Sözlük anlamıyla bilgi, insan zekâsının çalışması sonucu ortaya çıkan düşünce ürünü; öğrenme, araştırma ve gözlem yoluyla elde edilen her tür gerçek, malumat ve kavrayıştır. Belirli bir konu hakkında netliğe sahip olmaktır.
Bilmek iyidir. Ancak bilginin iyileştirici bir güç haline gelmesi, bilgelik gerektirir.
Bilgi, öğrendiklerimizdir. Bilgelik ise gerçekleri öğrenmenin ötesine geçer ve bu gerçekleri anlamlandırmayı, daha iyi kararlar almak ve seçimler yapmak üzere doğru kullanmayı içerir.
Bilgi parçadır ve bilgelik ise bütündür.
Bilgi, ne söyleneceğini bilmektir. Bilgelikse, onu ne zaman söyleyeceğini bilmektir.
Günümüz sınırsız bir bilgi dünyasıdır ama bilgelik için aynı şeyi söylemek maalesef mümkün değil. Gerçekleri okuyarak, araştırarak ve ezberleyerek herkes bir konu hakkında bilgi sahibi olabilir. Bilgelikse, bilgiyi alır ve deneyim, değerlendirme süreçlerinden geçirerek hayata uyarlar. Şu güzel tespitte vurgulandığı gibi:
“Bilgi, domatesin meyve olduğunu bilmektir. Bilgelikse, onu meyve salatasına koyMAMAyı bilmektir."
Bazı insanlar eski deyimle malumatfuruşturlar. Bilmedikleri yoktur. Çok okur, seminerden seminere, eğitimden eğitime koştururlar. Ancak anlamlı bir bütünlüğe dönüştüremedikleri sürece bu bilgilerden yararlanamaz, kendilerini ve yaşamlarını iyileştiremedikleri için de sonunda şu “çok bilmiş” sonuca varırlar: “Bilmek iyi bir şey değil! Bilmeyen daha mutlu!”

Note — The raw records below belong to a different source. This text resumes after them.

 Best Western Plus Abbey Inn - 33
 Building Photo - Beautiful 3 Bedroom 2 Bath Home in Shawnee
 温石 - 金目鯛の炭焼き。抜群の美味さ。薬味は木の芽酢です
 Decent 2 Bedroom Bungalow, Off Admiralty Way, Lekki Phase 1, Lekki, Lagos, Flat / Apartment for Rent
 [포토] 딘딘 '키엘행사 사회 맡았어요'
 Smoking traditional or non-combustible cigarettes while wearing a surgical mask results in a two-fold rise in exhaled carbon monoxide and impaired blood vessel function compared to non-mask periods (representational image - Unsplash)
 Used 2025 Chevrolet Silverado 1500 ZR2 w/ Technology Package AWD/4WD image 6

Bilgelik, öğrenileni zihnin nasıl kullandığını anlamayı gerektirir ve zihnin kendi kendini izlemesiyle geliştirilir. Bu zihin hali psikolojide, üst-biliş ya da öz farkındalık olarak tanımlanır.
Kendi kendini gözlemleme - ya da kendini izleyen zihin – becerisinin geliştirilmesi, zihinsel ve bedensel sağlığın olmazsa olmazıdır.
Öz farkındalık, pratiğini yaparak daha iyi olabileceğimiz bir beceridir. O nedenle bilgiyi kazanmakla yetinmemeli, işlemeli, etkin biçimde hayata uyarlayabilmeliyiz.
Unutmayın; bilgi biriktirilirken, bilgelik geliştirilir.
Bilgi kaybedilebilirken, bilgelik sonsuza kadar sürer.
Birey ve toplum olarak daha iyi ve sağlıklı yaşamamız için, zihnimizi gereksiz bilgi çöplüğüne dönüştüren, ilaçlarla uyuşturan, anlamsız kurallarla, seviyesiz yayınlarla körelten değil, geliştiren, bilgilendiren ve bilgeleştiren öğretmenlere, doktorlara, toplumbilimcilere ve medyaya ihtiyacımız var.